People working for lawmakers in Britain’s lower house of parliament face an unacceptable risk of sexual harassment, bullying and abuse, which has been hidden because staff fear reprisals, according to an official report on Thursday.
An independent inquiry, led by lawyer Gemma White, was commissioned after parliament became one of several institutions to become embroiled in a sexual harassment scandal after abuse allegations against Hollywood producer Harvey Weinstein prompted women and men to share stories about improper behaviour.
Staff in the House of Commons are subject to harassment ranging from sexual assault to sexist comments made about women in politics, the report said.

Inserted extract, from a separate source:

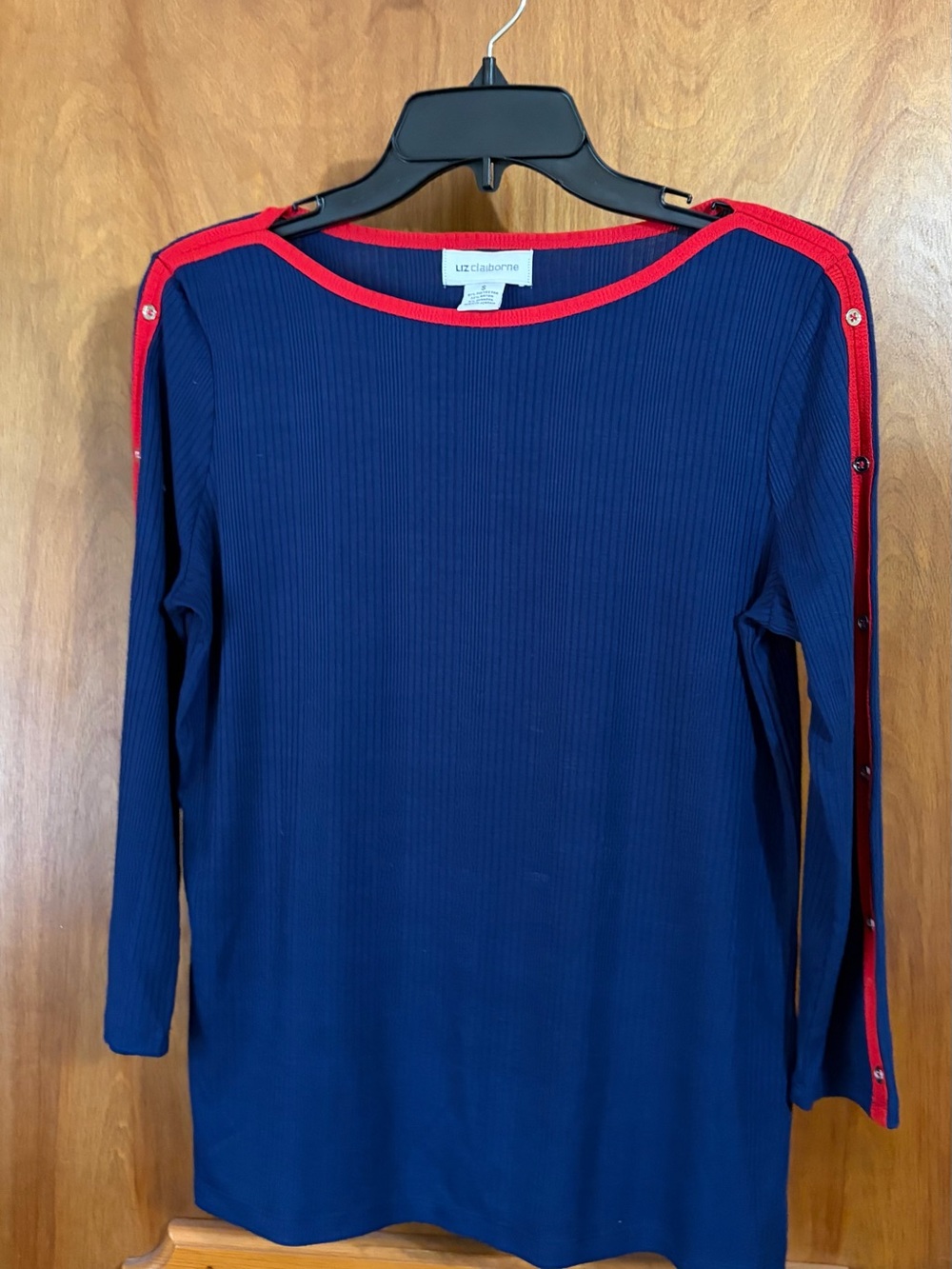 Liz Claiborne Navy Long Sleeve Ribbed Top with Red Trim and Snap Details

Many of the sexual advances involved attempts at kissing, breasts being grabbed, buttocks slapped and thighs being stroked, it said.

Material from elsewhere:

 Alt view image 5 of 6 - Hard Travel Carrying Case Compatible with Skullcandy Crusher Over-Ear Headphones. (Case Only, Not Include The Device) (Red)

Sexual harassment is “a problem, with staff being subject to unwanted sexual advances, often accompanied by touching, sometimes forceful,” the report said.

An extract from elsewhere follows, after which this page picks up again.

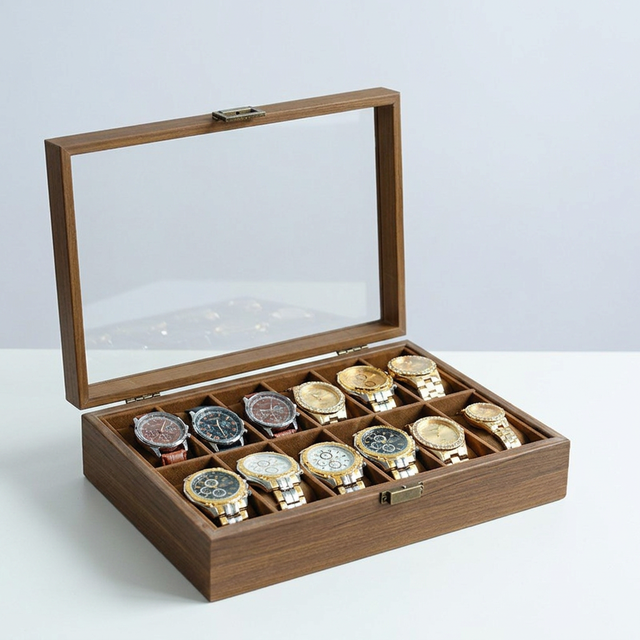 Manufacturer's In-stock Wholesale Multi-slot Windowed Glass Watch Packaging Box Walnut Wood Grain Watch Jewelry Display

“There is an unacceptable level of sexual “banter” and unwelcome discussion of intimate sexual details,” it added.
Complaints about mistreatment in parliament have circulated for years, in part owing to the power asymmetry between lawmakers and their young staffers.
The report, which was based on information from more than 200 people, said abuse is widespread and that workplace harassment has been accepted for too long.
One member of staff described how senior lawmakers’ staff used parliament’s bars to meet young men and women “in the hopes that we will have sex with them to further our careers.”
The report said many employees are in a uniquely vulnerable position because they are directly employed and they are afraid to complain fearing it would be “career suicide.” They also often have party loyalties that make it hard to complain.
The most common form of abuse is lawmakers who “shout at, demean, belittle and humiliate their staff on a regular basis, often in public” and in some cases they even have heavy office objects thrown at them, the report said.
“The constant ‘drip, drip’, as more than one contributor put it, eats away at the employee’s self-confidence until they become anxious, exhausted and ill, incapable of performing their job,” it added.
Despite a widespread problem being identified, only 35 out of 650 lawmakers attended voluntary training to tackle workplace bullying and harassment, the report said.
A spokesperson for Prime Minister Theresa May said the findings were “appalling” and that parliamentary leadership must respond fully and promptly.